2012 book by Piers Anthony

Luck of the Draw is the 36th book of the Xanth series by Piers Anthony.

== Plot summary ==

Bryce, an 80-year-old human in poor health, is transported to Xanth and magically restored to his fit 21-year-old self. He has been drawn to Xanth to participate in a quest to win the hand of young Princess Harmony as part of a Demon wager. Bryce has no interest in marrying but a love spell has been cast on him to compel his participation. To aid him, Bryce has been given the gift of second sight (foresight of an event a few seconds into the future) and a magic tablet. Items drawn on the tablet are able to take three-dimensional shape.

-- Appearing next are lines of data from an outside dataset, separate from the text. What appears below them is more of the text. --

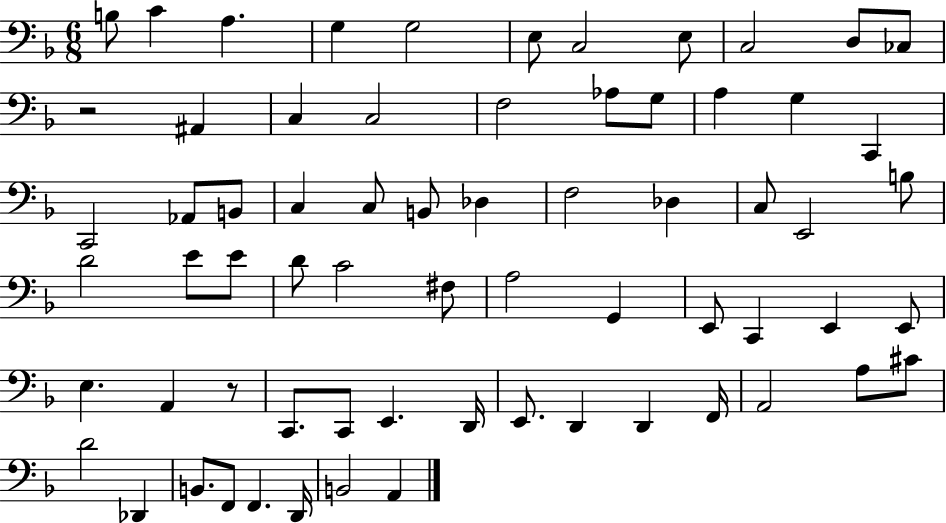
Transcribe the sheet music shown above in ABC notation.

X:1
T:Untitled
M:6/8
L:1/4
K:F
B,/2 C A, G, G,2 E,/2 C,2 E,/2 C,2 D,/2 _C,/2 z2 ^A,, C, C,2 F,2 _A,/2 G,/2 A, G, C,, C,,2 _A,,/2 B,,/2 C, C,/2 B,,/2 _D, F,2 _D, C,/2 E,,2 B,/2 D2 E/2 E/2 D/2 C2 ^F,/2 A,2 G,, E,,/2 C,, E,, E,,/2 E, A,, z/2 C,,/2 C,,/2 E,, D,,/4 E,,/2 D,, D,, F,,/4 A,,2 A,/2 ^C/2 D2 _D,, B,,/2 F,,/2 F,, D,,/4 B,,2 A,,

There are five other suitors for the Princess' hand: Lucky, a youth whose talent is good fortune; Arsenal, a combat expert; Piper, who can be either man or monster; D Pose; a demon who seeks to conquer Xanth by marrying the Princess; and Anna Moly ("Anomaly"), whose talent is to cause the unexpected to happen. (Anna is acting on behalf of her brother, Justin.) All six suitors cooperate in a quest to find a suitable gift that will cause the princess to choose them to marry. They are accompanied on their quest by Mindy, a 20-year-old Mundane who attempted suicide before coming to Xanth.

Bryce, despite his rejuvenation, is still mentally an octagenarian. Even though he's had a love spell placed on him, he is determined to resist marriage to someone the same age as his granddaughter. Harmony has no interest in being compelled to marry anyone because of a Demon wager, but especially not a cranky old Mundane.

==Reception==
Kirkus Reviews criticizes the prose and states that the dialogue can sometimes be "clunky and artless".

Library Journal stated "This is sure to please longtime fans and also serves as an introduction to readers who may be new to the beloved series."